Some opponents of expanding the public trust doctrine beyond certain resources argue that the doctrine does not promote efficient management of resources on private lands and waters. For example, the Property and Environment Research Center (PERC), a nonprofit organization "dedicated to improving environmental quality through property rights and markets," argued in a 2007 report that private resource owners are better able to manage their property because they are held accountable for their decisions. The report's author contended that private owners have an incentive to manage their land efficiently because they face negative consequences, such as a loss of property value, if the property is managed poorly. By contrast, the report's author argued that under the public trust doctrine, no single owner of a resource exists that can evaluate the costs and benefits of land management decisions. As a result, public access to land or other resources, such as rivers and streams, would promote overuse and eliminate incentives to manage the resources.[8]

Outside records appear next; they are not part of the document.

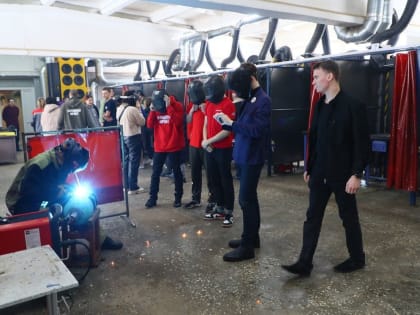 Работать, помогая фронту: омским подросткам провели экскурсию по техникуму, где делают печи для СВО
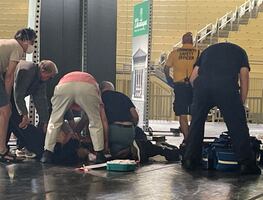 Apuñalan al escritor Salman Rushdie sobre el escenario en Nueva York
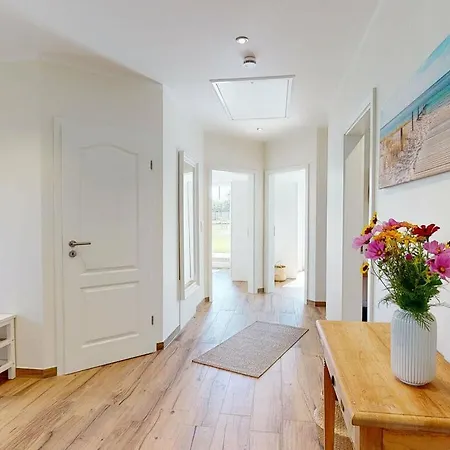 Small Island Apartament
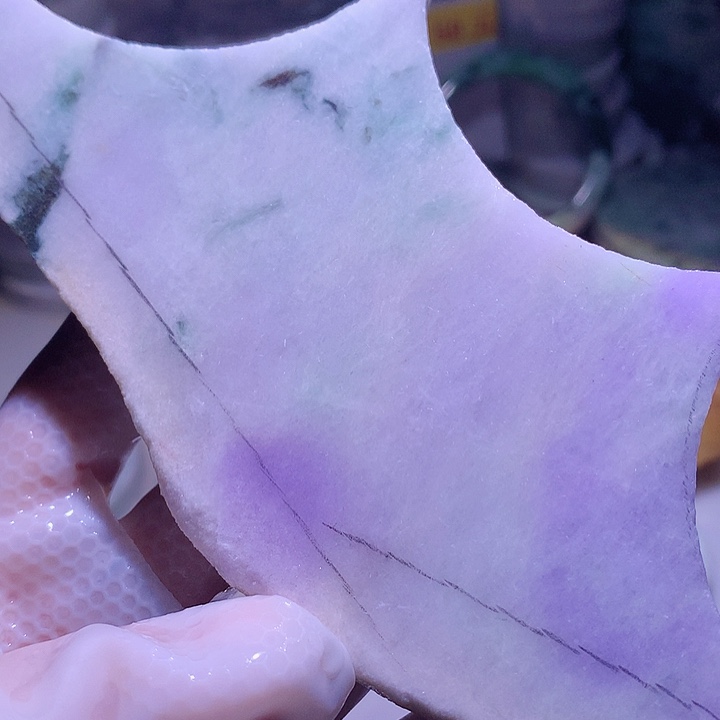 翡翠未镶嵌颈饰边角料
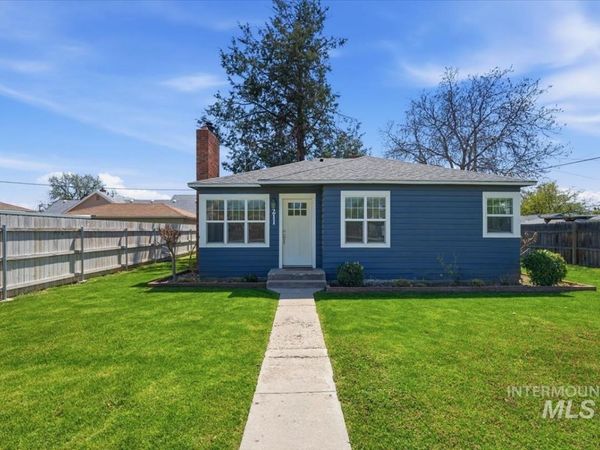 211 W. Dewey Ave., Nampa, ID 83686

The report's author further argued that expanding the public trust doctrine to more resources would undermine the Amendment V|Fifth Amendment of the U.S. Constitution, which states that private property cannot be taken "taken for public use without just compensation." Some opponents of expanding the doctrine argued that such expansion would narrow the legal scope of private property rights and allow the federal and state governments to re-define an individual's right to use private resources and thus declare the resources as a public trust.[8]